Eh, give or take a couple of weeks.

A bit of naked skin can do wonders, when one frequents unsavory venues?

“Not a good thing,” Marlo repeated and Jinx shrugged her shoulders not as certain. Then she turned her head back towards the street again, spotted a beefy Lorian carrying a large sword on his back and a large sack in his left arm. His right offered a red apple to a hooded -equally tall but thinner person- walking next to him that carried a longbow on her back.

The female turned casually mid-stride, mouth split in half-a-smile at the kind gesture and accepted it, coming to a full stop immediately after. The man stopped next to her with a chuckle. The female brought the apple to her face, Jinx’s red-rimmed eyes growing like saucer plates realizing who she was.

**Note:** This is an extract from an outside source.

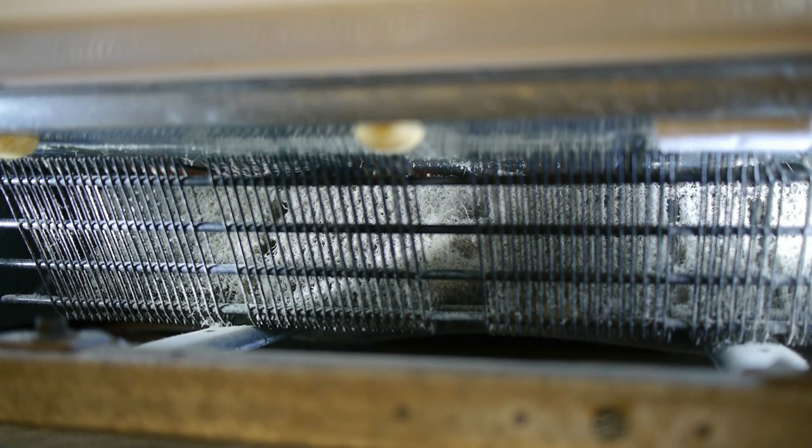There are four or five folds that are just covered with dirt and dust. So I'm going to have to use the air compressor.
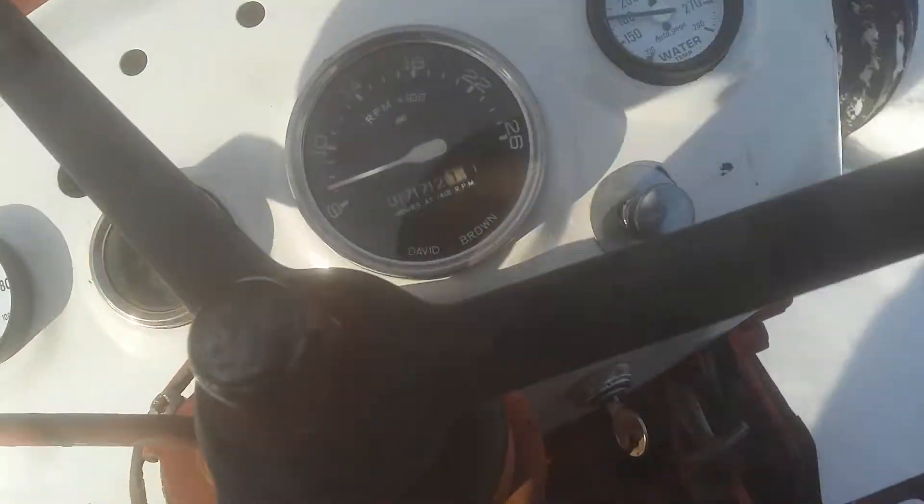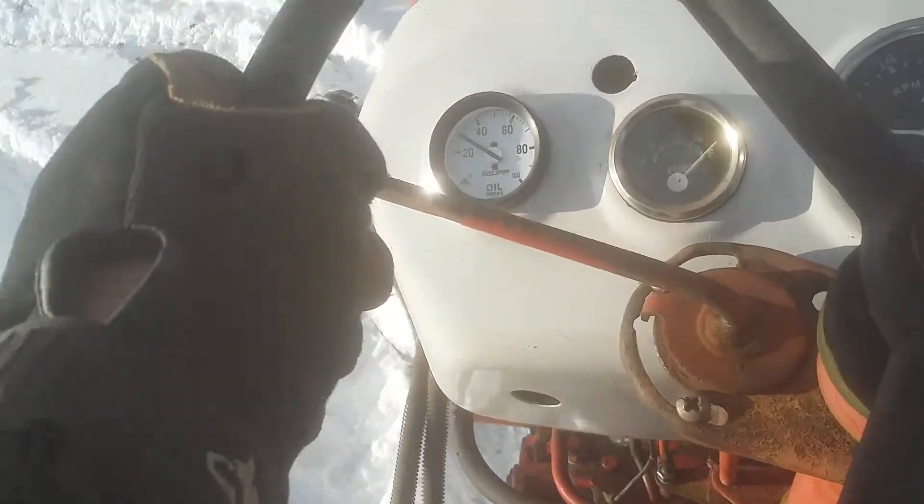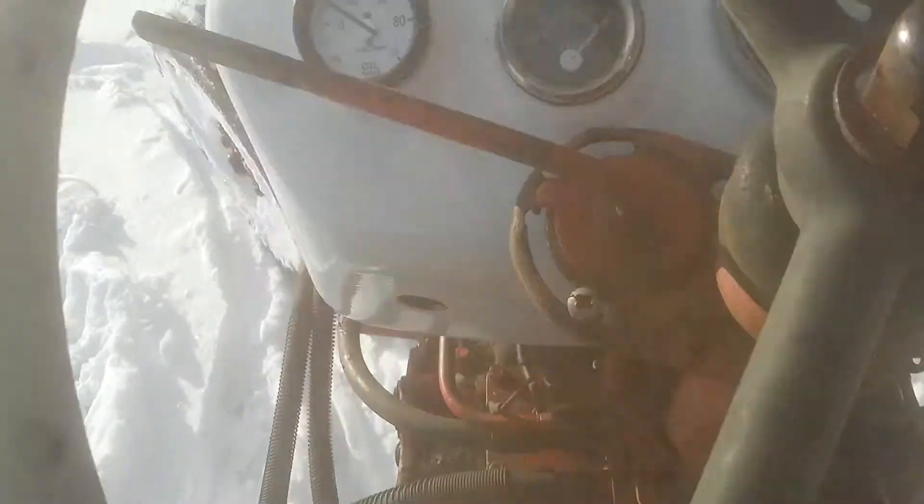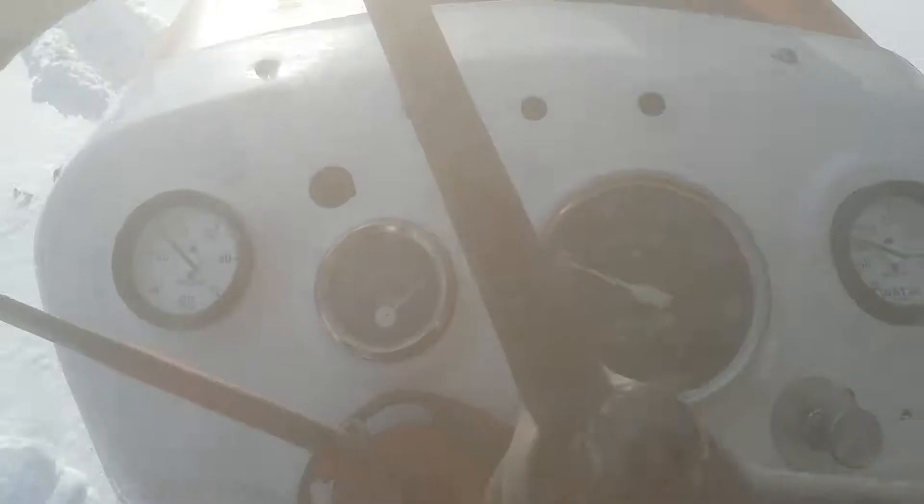Hey guys, we're just taking our uncle's David Brown 85 out for a spin in the snow, just testing out and making sure everything works. We just did a bunch of work on her and we still got a little bit more to go. As you can see, it doesn't have a hood or fenders.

Lithoniela took a bite out of the ripe fruit and gave the grinning man a nod of approval.

“Pink curls?” Marlo asked seeing her standing frozen in the middle of the street.

“Fuck me arse,” Jinx croaked in complete disbelief. “She’s here. The blue cunt!”

“Where? Who?” Mathews asked in alarm and jumped on his feet, not understanding why she had gotten so agitated.

“Well, for what’s worth. Never seen one of them up close,” Marlo admitted sadly. “Not for the lack of trying.”